My question is around the constant O(1) lookup time for a dictionary.
So I have a dictionary of key/value pairs. And I have a list of items I am iterating through. For each item, I want to check whether it is in the dictionary, and if it is not in there, I want to add it, otherwise I will simply pass. Is this constant or linear time?
Because I am iterating over the whole dictionary, however I know that lookup in a dictionary is O(1)?- this has confused me so much!
My real question is, is the overall time complexity O(N^2)? Because for each item in the list, I am checking the entire dictionary to see if it is there, and I am adding each item to it if it is not there.
The overall complexity is O(n). You are performing n lookups each of which takes O(1) time, for a combined time complexity of O(n×1) = O(n).
For each item, I want to check whether it is in the dictionary, and if it is not in there, I want to add it…
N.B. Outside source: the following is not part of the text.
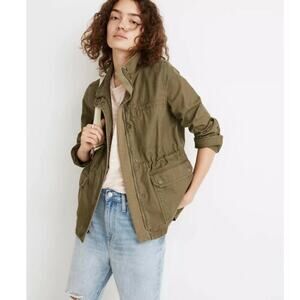 MADEWELL Cotton Utility Field Jacket Olive Green Military Style Women’s XS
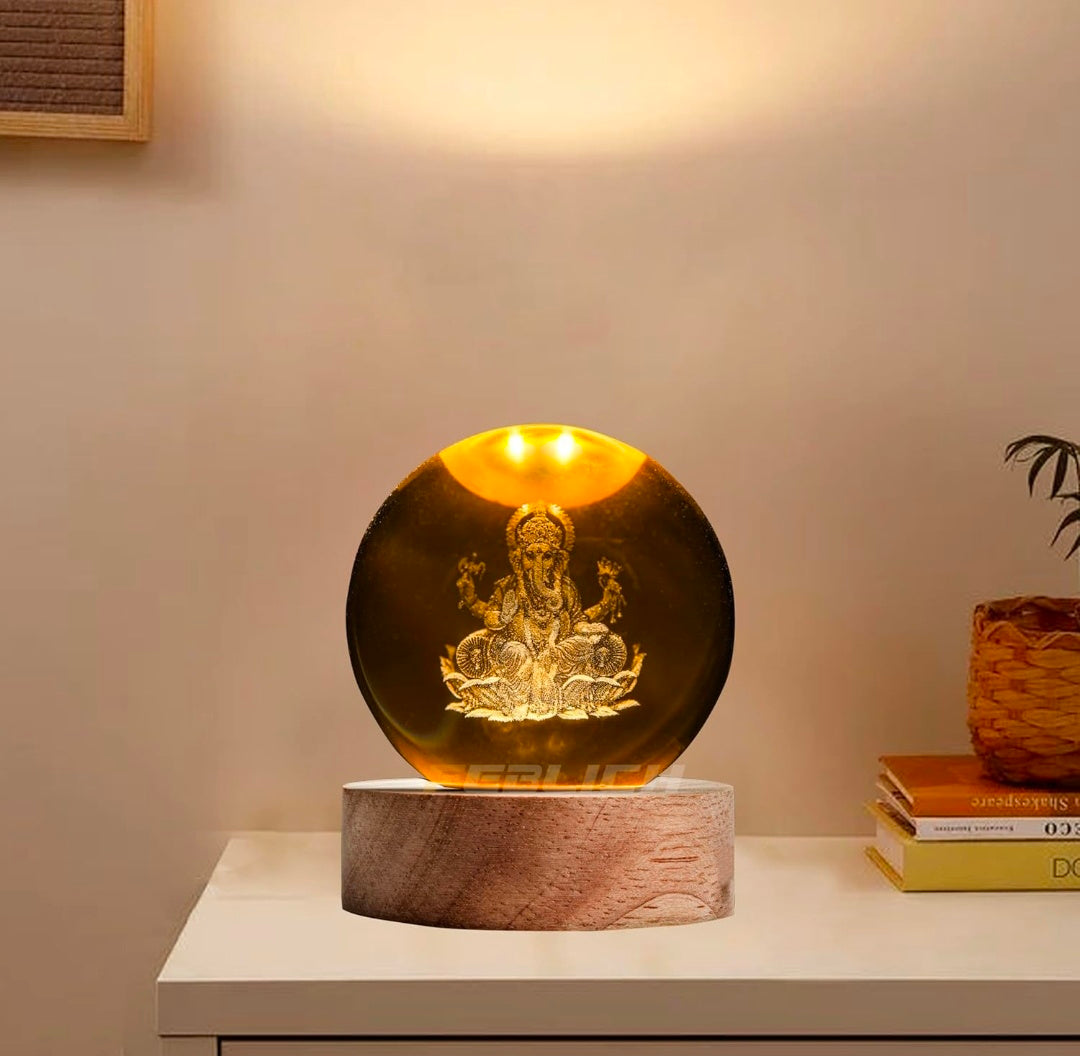 LORD GANESH – Auspicious Blessings Crystal Globe Night Lamp | 3D Laser‑Etched Ganesha, Warm Wood LED Base, Calm Devotional Glow | Honest Craft, Kind Service 🕉️🐘✨🔆👑❤️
Side note, checking and adding in separate steps is a common code smell. It’s usually better to simply attempt an insertion. The insertion will fail if the key already exists, no need to check first. This is more efficient as it does one lookup instead of two&mdash—after all, insertion has to do the exact same lookup as a key check to figure out where to insert. Checking first merely duplicates work.
In the worst case, it’s not just an efficiency improvement but also one of correctness. If the dictionary is accessed by multiple threads a check-then-insert access pattern can result in a time-of-check to time-of-use (TOCTOU) error. Namely, you might check if the key exists; it doesn’t, so you attempt to insert it; but meanwhile another thread has snuck in and inserted the same key while you weren’t looking, and you overwrite the other thread’s entry.
Another common TOCTOU error is checking if a file exists and creating it if it doesn’t. See Common Weakness Enumeration 367 – TOCTOU Race Condition for more details and examples.